Taliban founder, Mullah Omar, famously refused to hand over bin Laden after the 9/11 attacks, which resulted in the US, the UK and allies invading Afghanistan and toppling the Taliban regime in October 2001

Secret British government documents released to the British National Archive, and reported by the Times newspaper, reveal that Britain wanted to kill Osama bin Laden with an airstrike nine months before the attacks on the World Trade Centre in New York and the Pentagon. Held responsible for attacks on US embassies in Kenya and Tanzania in 1998 and a suicide attack on USS Cole, a US Navy destroyer, in Yemen in 2000, bin Laden was already a wanted man by the FBI.

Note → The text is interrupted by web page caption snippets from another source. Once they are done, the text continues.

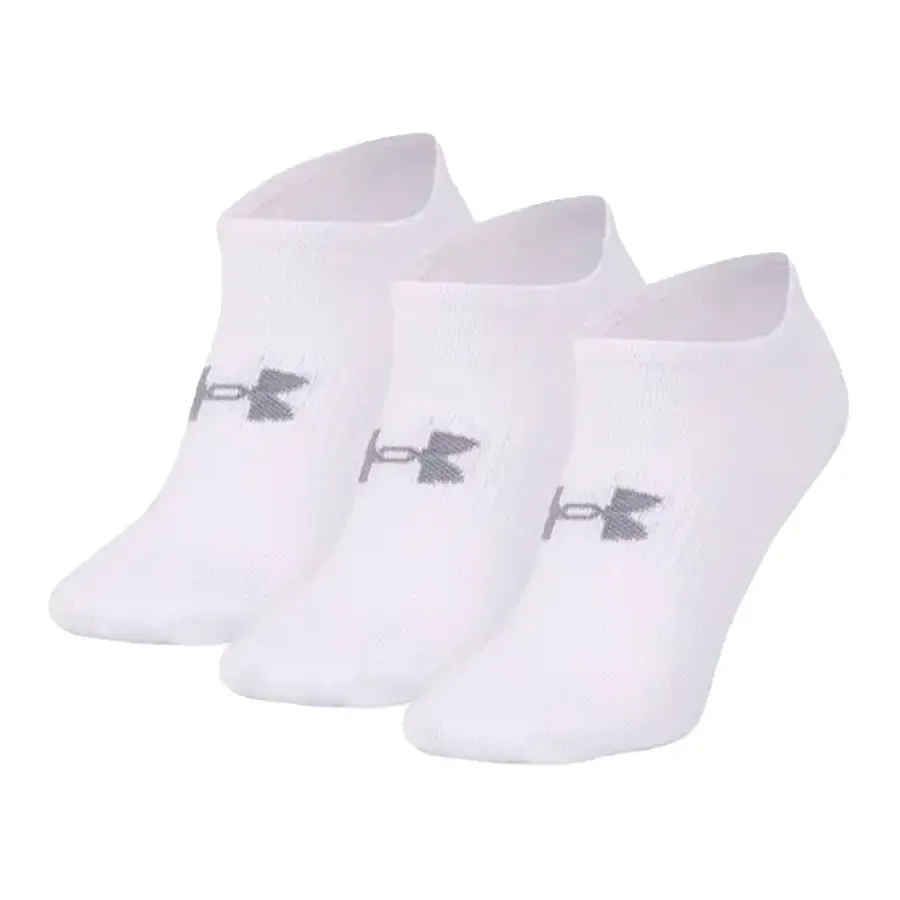 Imagen 1 de 2 de Medias Under Armour Core Cotton No Show Pack x3-BLANCO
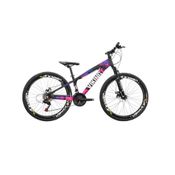 Bicicleta Viking Aro 26 Câmbio Importado 21v Vmaxx Preto Rosa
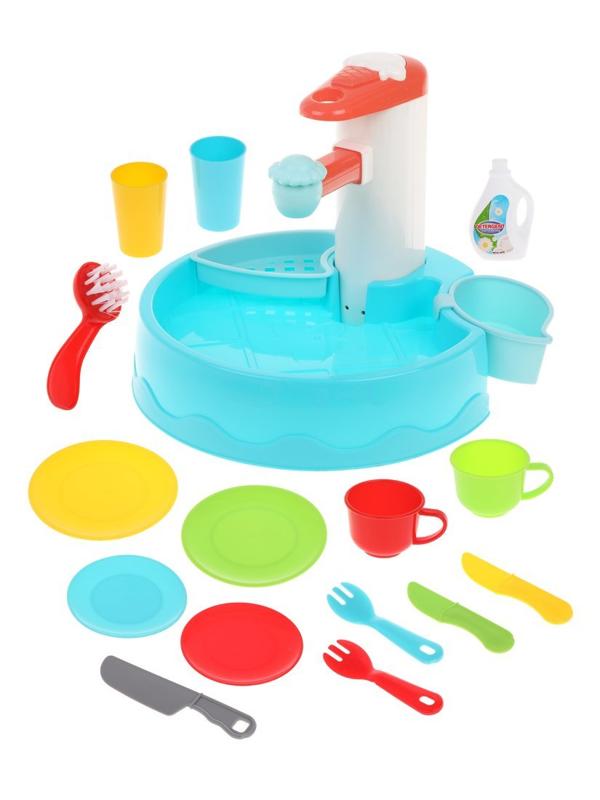 Игр.наб. Бытовая техника, вода, в компл. предм. 19шт., эл.пит. ААх3шт. не вх.
в компл., кор.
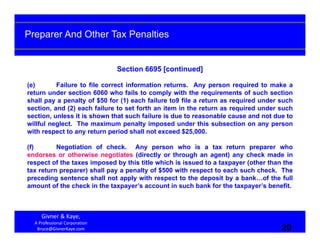 15 06-18 Top 10 Tax Preparer And Other Tax Penalties - Not Going To Jail But It Still Hurts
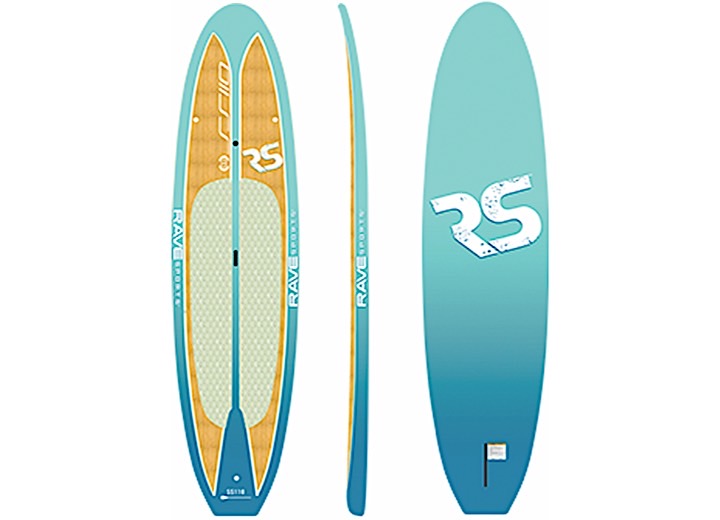 RAVE SPORTS SHORELINE SERIES SS110 10 FT. 9 IN. SUP - CARIBBEAN BLUE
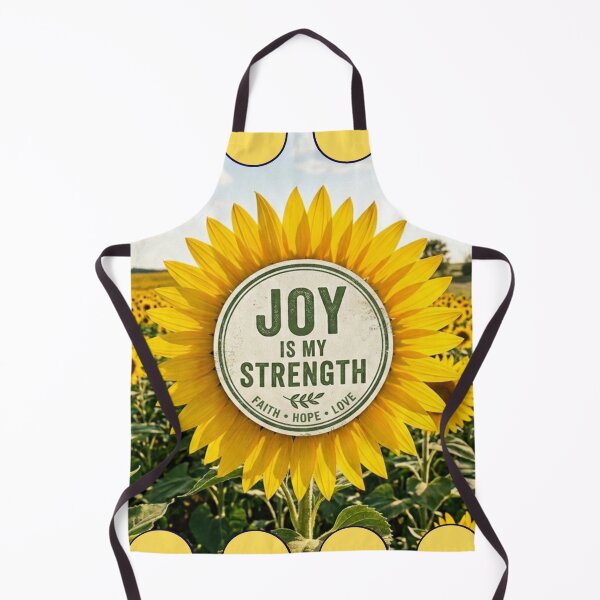 Item preview, Joy Is My Strength Sunflower Faith Tee designed and sold by Dreprogress.
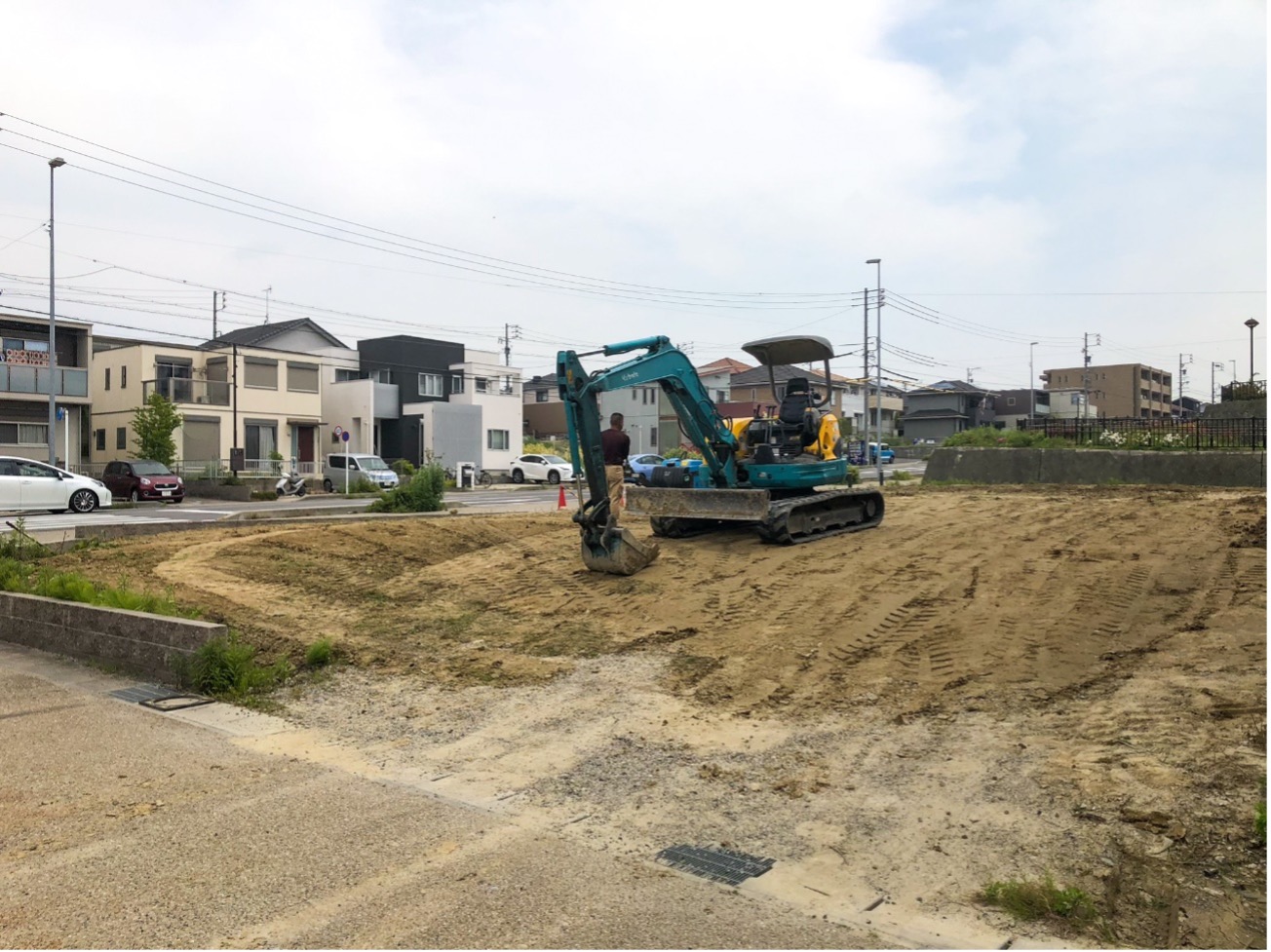 整地・砂利敷き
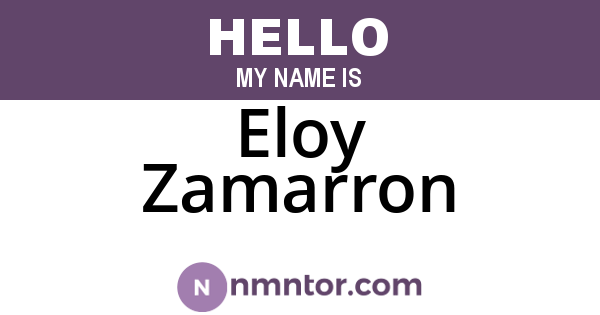 Eloy Zamarron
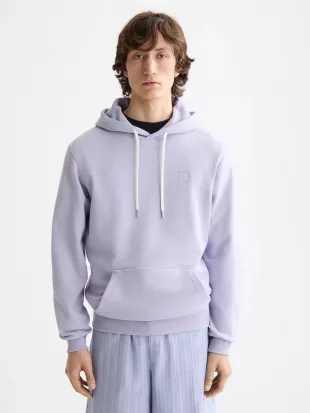 Logo Badge Hoodie in Languid Lavender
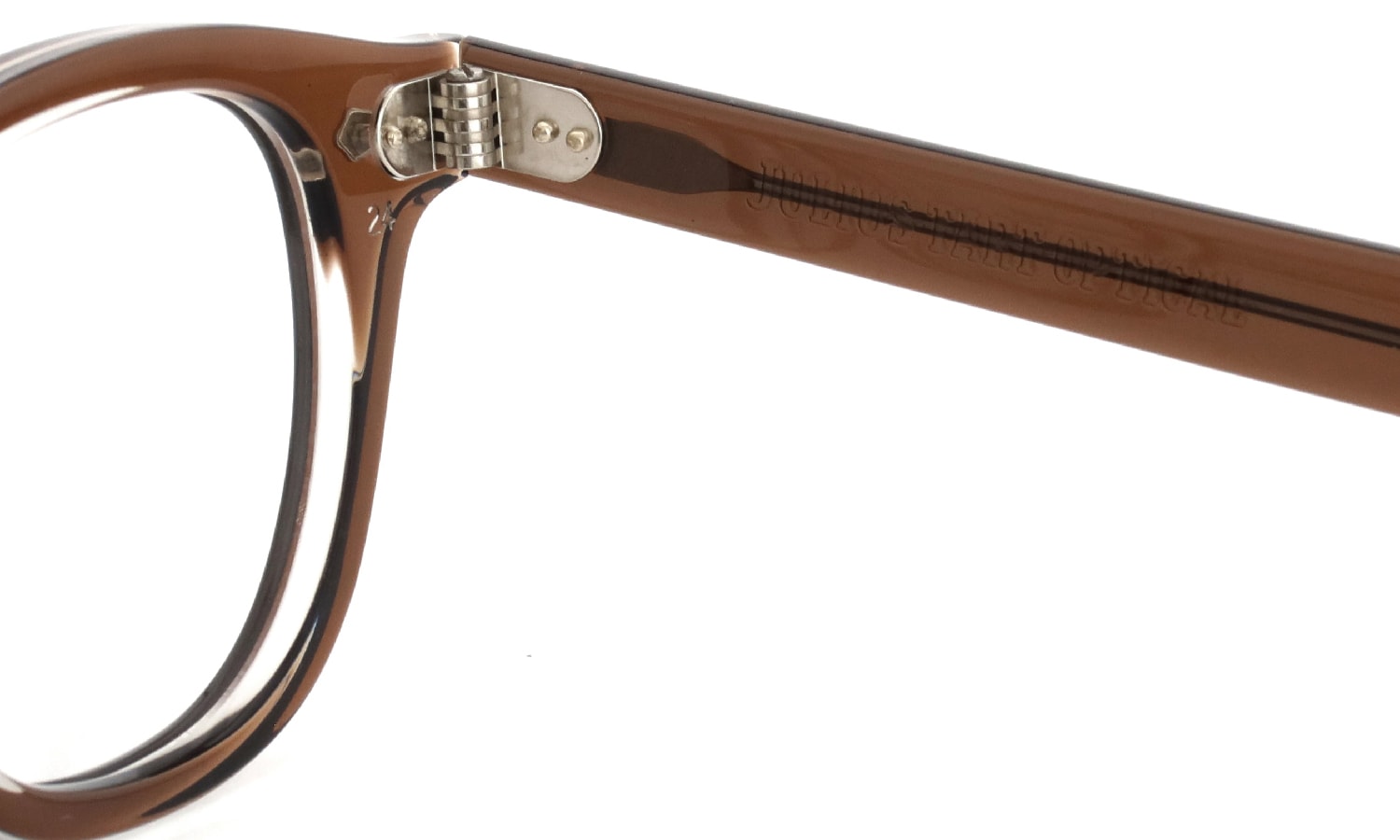 JULIUS TART OPTICAL メガネ通販 AR-48-24 BROWN CRYSTAL II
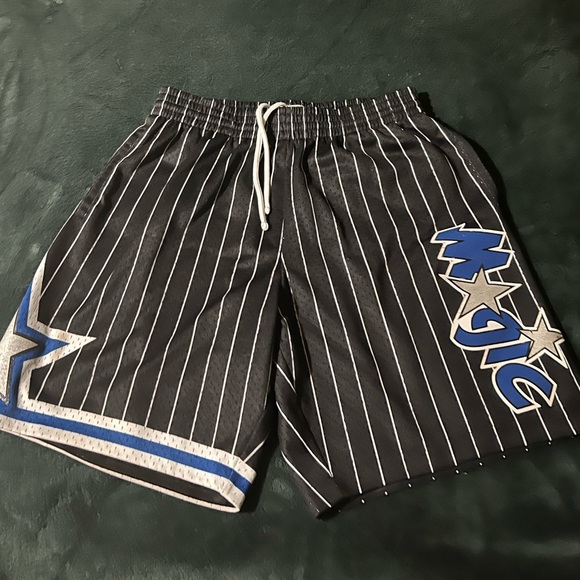 Magic Other - Orlando Magic Throwback Black Striped Men's Size Large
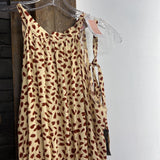 C+D+M,Br/Tan,Small,Halter Dress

The documents reveal that in a briefing paper to the then British prime minister, Tony Blair, before a dinner with the outgoing President Clinton, a senior government official said that “We’re all in favour of whacking UBL [Usama Bin Laden].” 

The Times newspaper reports that John Sawers, Blair’s foreign policy adviser, who later became head of the British foreign intelligence service, MI6, told him that: “The Americans don’t yet have proof that UBL was responsible for the attack on the USS Cole. They won’t launch airstrikes until they have a smoking gun, and that may not be until after 20 January [when George W. Bush would become president].”

But despite the British plans, Bill Clinton had already attempted to eliminate bin Laden on 20 August 1998 with Tomahawk missile strikes at Al Qaeda bases in Afghanistan’s eastern province of Khost, less than two weeks after the deadly bombings on US embassies in East Africa, with the Al Qaeda leader escaping unharmed.

The Taliban founder, Mullah Mohammad Omar, famously refused to hand over bin Laden after the 9/11 attacks, which resulted in the US and allies invading Afghanistan and toppling the Taliban regime. 

22 years on, the Taliban are back in power, ruling Afghanistan in the same manner and with the same oppressive zeal it did before, implementing its ideology. 

After a recent order banning women from universities, the Taliban’s education minister, Neda Mohammad Nadem, said that the group was not interested in progress and development, but religion. “If we wanted those, we would have handed bin Laden to the US.”

On 2 May 2012, a team of US Navy Seal killed Osama bin Laden in a raid in Abbottabad, Pakistan. And on 31 July 2022, his successor, Ayman al-Zawahiri, was killed by a drone strike in Kabul, Afghanistan.